I’ve had the CR-Z about a month now, and I’ve had a chance to drive it under a variety of conditions, so I can give a more complete report.
First, we should say that is really not a car in the traditional sense, but a computer with four wheels attached.
It has taken a while to understand all the displays and controls and functions, but they are very well designed and logically thought-out in the typical Japanese engineering fashion. It is all very cool: dash, controls, wands, storage, stereo system. It is especially nice to access the iPod functions of my iPhone through USB. But you have to read the manual.
It has also taken some driving experience to understand the various driving modes and how the integrated motor assist (IMA) works with the automatic continously variable transmission (CVT). But I now appreciate what the Honda engineering team intended, and it is an excellent solution.

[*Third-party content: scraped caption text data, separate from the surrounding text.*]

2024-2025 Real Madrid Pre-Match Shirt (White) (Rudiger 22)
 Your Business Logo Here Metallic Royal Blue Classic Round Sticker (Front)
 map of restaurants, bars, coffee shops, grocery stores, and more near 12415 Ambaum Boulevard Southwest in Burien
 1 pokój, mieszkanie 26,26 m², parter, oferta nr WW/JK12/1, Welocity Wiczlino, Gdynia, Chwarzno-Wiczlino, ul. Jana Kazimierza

It is all a study in energy management and conservation. You can think of the gasoline engine as the “check book” and the batteries and IMA as the “savings account”. In a conventional car, the energy lost in coasting downhill and braking is gone. The CR-Z system conserves it through regeneration, and then seamlessly feeds it back into the power train, depending on what its computer brain considers optimum. I find that it likes to keep about a 75% charge on the batteries, and quickly replenishes them to about 90% average when cruising. Fun to watch the displays show this on a road trip.
The computer can calculate the right balance of performance and power that the driver asks for, depending on whether you are in Sport (Power) mode, Normal mode, or Econ mode; and in the CVT models, can consider three variables: the infinitely variable gear ratio, the engine RPM, and the amount of IMS electric motor assist used, if any.

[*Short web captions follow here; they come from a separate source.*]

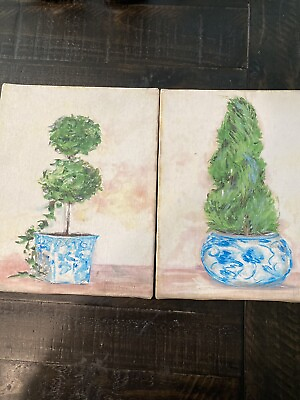 #ad Two Hand Painted Signed Topiary Blue White Ginger Jars French Country Art $33.00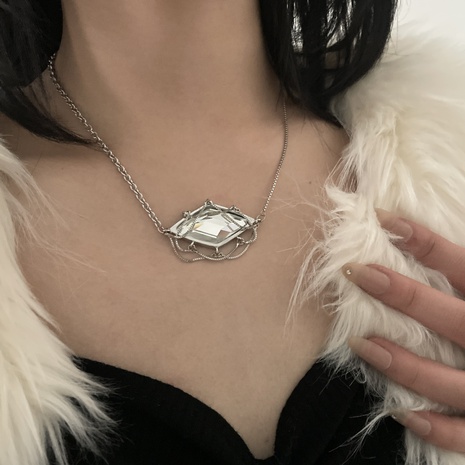 estrella de lujo pendientes exagerados collar de nicho en forma de diamante's discount tags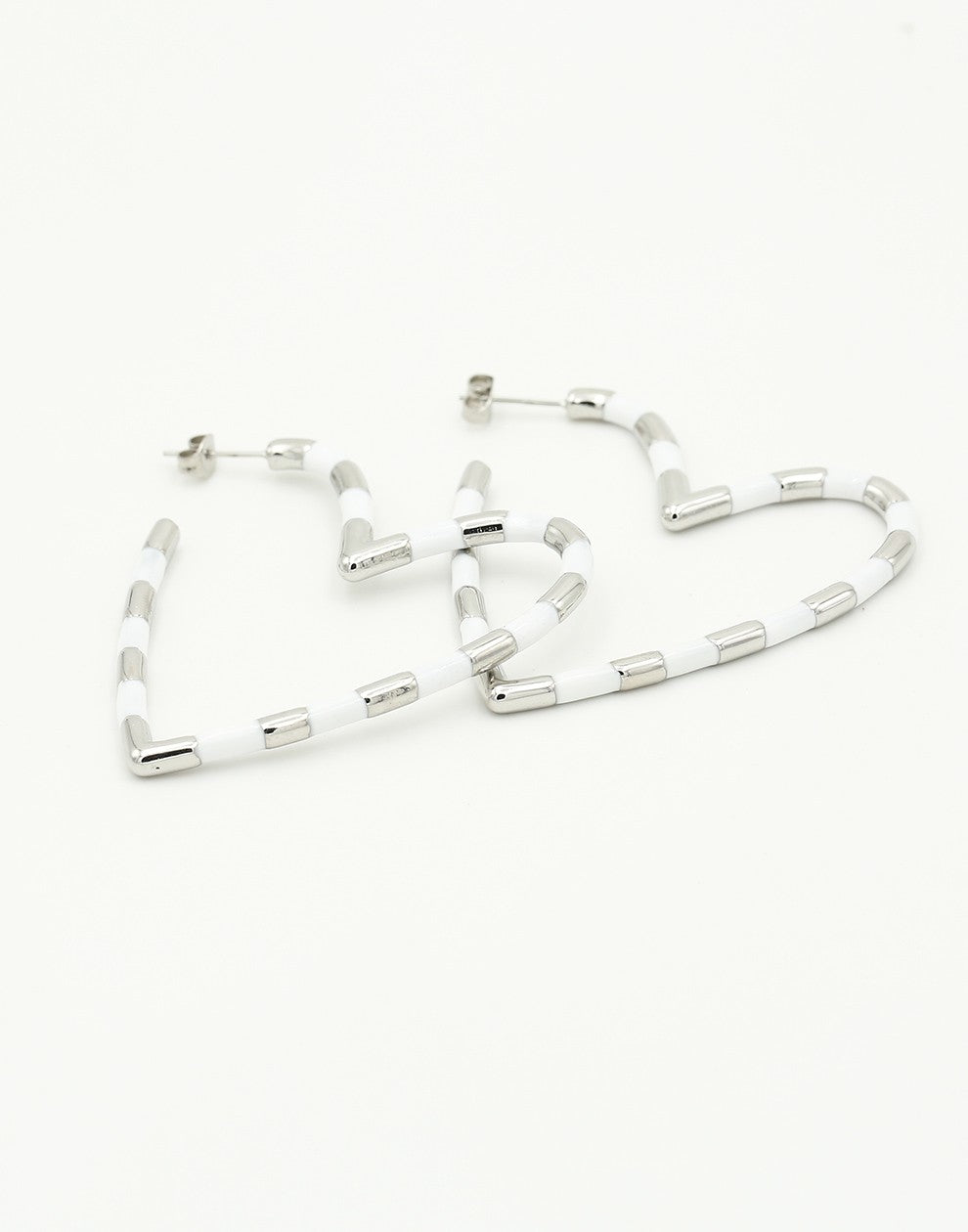 Earrings large heart white silver colored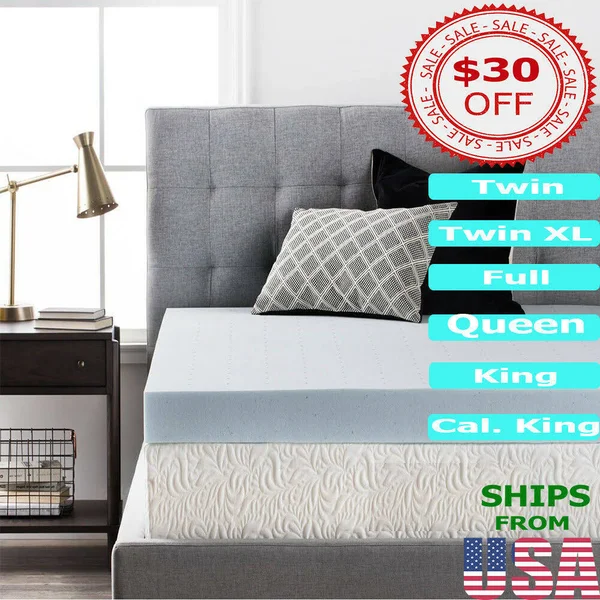 4x22 Memory Foam Mattress Topper Lucid Color: Light Blue, Size: Twin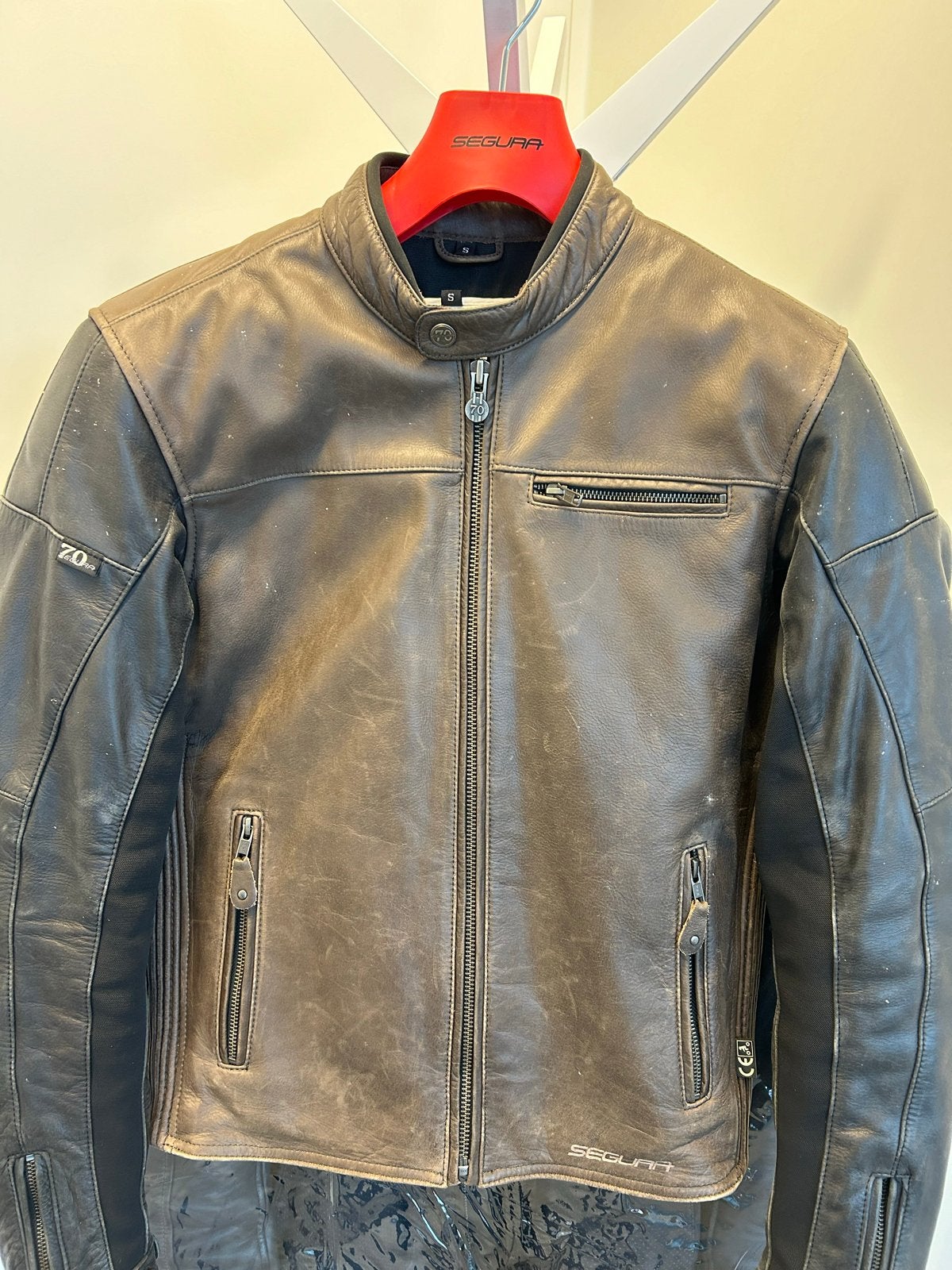 Segura 70’s leren motorjas - Vintage look, Motoren, Ophalen of Verzenden, Tweedehands, Heren, Jas | leer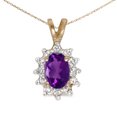 thumbnail image 1 of 14k Yellow Gold Oval Amethyst And Diamond Pendant with 18" Chain, 1 of 3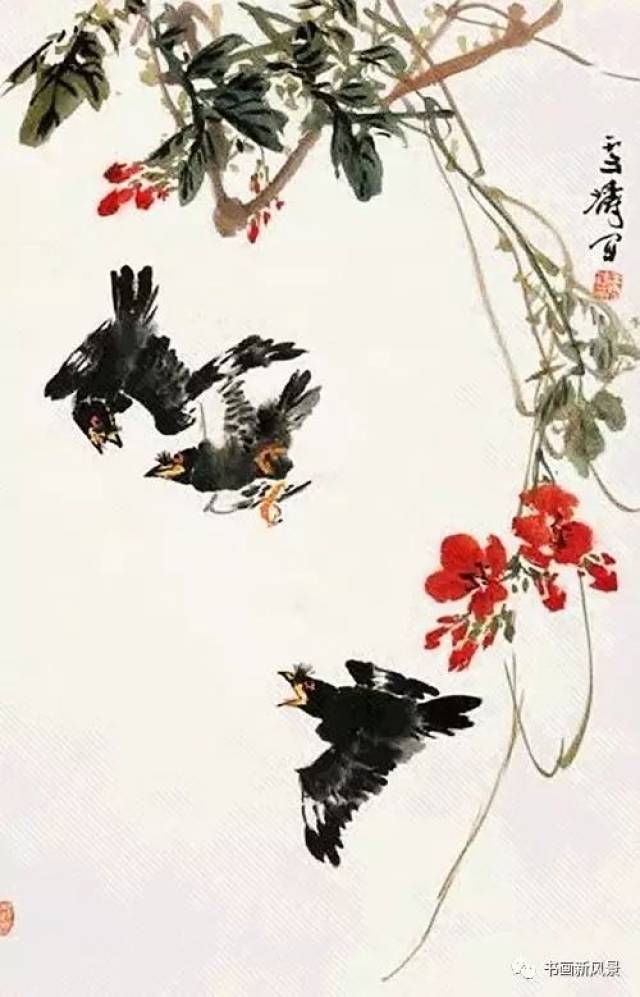 三位大师画飞鸟,绝啦!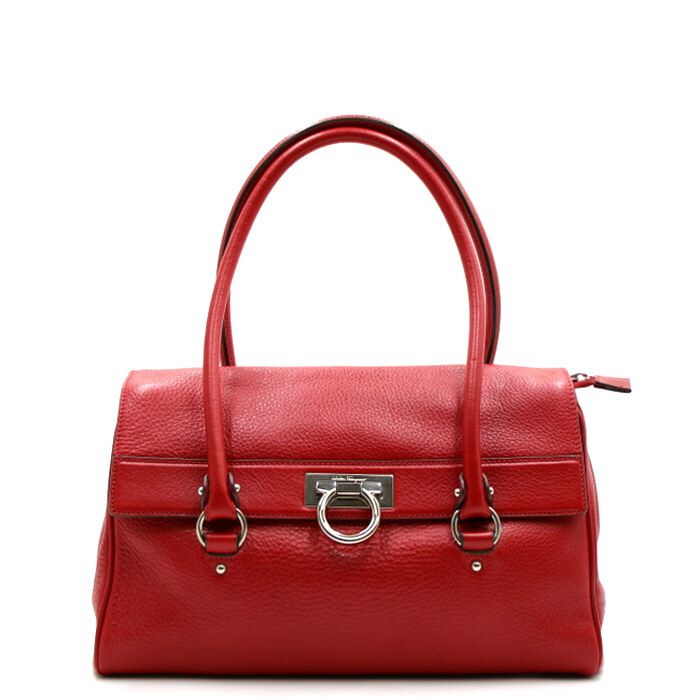 Salvatore Ferragamo Red Logo Flap Tote Bag with Shoulder Strap AA10110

If you want power (Sport mode), the engine revs go up, the CVT gears down, and the IMS kicks in vigorously on acceleration. There is all the power I need, and I use it mostly for merging onto freeways, or on urban freeways to make lane changes and climb hills.
If you want economy (Econ mode) the engine lugs down, the CVT gears up, and the IMS comes in gently to add engine torque when needed, as when going up hills at highway speeds with cruise control on. Responses are more subtle, but surprisingly, they are not all that bad on a road trip.

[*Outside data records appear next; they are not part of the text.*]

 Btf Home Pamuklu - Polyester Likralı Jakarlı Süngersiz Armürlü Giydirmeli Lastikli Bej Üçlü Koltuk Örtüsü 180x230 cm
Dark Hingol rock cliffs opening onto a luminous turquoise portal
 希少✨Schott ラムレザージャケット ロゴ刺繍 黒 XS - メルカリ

Overall, the computer hates high revs, and shifts down whenever possible, so the engine rarely gets above 4,000 rpm unless you use the paddle shifters. This is not intended to be a high-reving car, and the IMA makes that unnecessary in any case.
For me, a car enthusiast with an interest in engineering solutions, the vehicle and its systems are intriguing, and I enjoy taking part in controlling (optimizing?) the vehicle. It is possible that the average driver won’t appreciate the incredible high technology that is designed into this car, or might be confused by them. It will probably always be a cult car in the U.S.
As for mileage, I now have experienced city driving, urban freeways, and a secondary road loop. As I mentioned in my last report, city driving seems to average about 36 mpg, urban freeways and secondary roads about 38 mpg, and a freeway trip to Seattle and back was 42 mpg.
On the freeway trip, we traveled at legal speeds, and I tried to keep the cruise control at 67 mph when traffic allowed. In economy mode at 67 mph, the computer likes to lug down the engine to 2,100 rpm and achieves about 40 mpg on level ground in pleasant weather. From CR-Z engine HP curves I found on the web, I calculate that the engine is using 50 hp to maintain that speed. The CR-Z will comfortably cruise faster of course, but I would expect a drop in mileage– from the mileage meter I’m guessing cruising at 72 mpg would bring mileage down to about 37 mpg, still not bad. And it is comfortable for 3-hour stretches of driving.
The CR-Z works very well for my driving around Portland, and performed just fine in Seattle traffic.
But it is different. The driver has to get used to the engine stopping while waiting for lights in city traffic. I’m used to it now. I’m also coping just fine with the rear vision issues. I don’t know how the CR-Z would work on the LA freeways, or in hilly high country like Denver.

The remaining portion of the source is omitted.